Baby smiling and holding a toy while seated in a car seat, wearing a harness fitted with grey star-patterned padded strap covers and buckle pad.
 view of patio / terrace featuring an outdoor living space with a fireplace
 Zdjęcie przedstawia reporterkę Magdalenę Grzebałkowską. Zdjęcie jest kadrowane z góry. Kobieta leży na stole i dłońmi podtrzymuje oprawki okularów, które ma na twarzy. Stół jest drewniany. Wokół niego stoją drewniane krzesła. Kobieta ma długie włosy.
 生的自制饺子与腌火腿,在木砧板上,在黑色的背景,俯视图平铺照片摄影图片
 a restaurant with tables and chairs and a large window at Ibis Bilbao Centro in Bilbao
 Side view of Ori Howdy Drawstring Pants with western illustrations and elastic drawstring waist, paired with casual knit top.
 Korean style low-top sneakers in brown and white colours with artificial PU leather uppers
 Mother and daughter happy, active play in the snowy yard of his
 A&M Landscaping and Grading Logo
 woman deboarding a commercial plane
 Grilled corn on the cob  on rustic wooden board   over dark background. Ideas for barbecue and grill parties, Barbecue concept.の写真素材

****

Problem details: A line belongs in the answer if it contains the word "with"; please copy each such line from the material.

Task output:
Baby smiling and holding a toy while seated in a car seat, wearing a harness fitted with grey star-patterned padded strap covers and buckle pad.
 view of patio / terrace featuring an outdoor living space with a fireplace
 a restaurant with tables and chairs and a large window at Ibis Bilbao Centro in Bilbao
 Side view of Ori Howdy Drawstring Pants with western illustrations and elastic drawstring waist, paired with casual knit top.
 Korean style low-top sneakers in brown and white colours with artificial PU leather uppers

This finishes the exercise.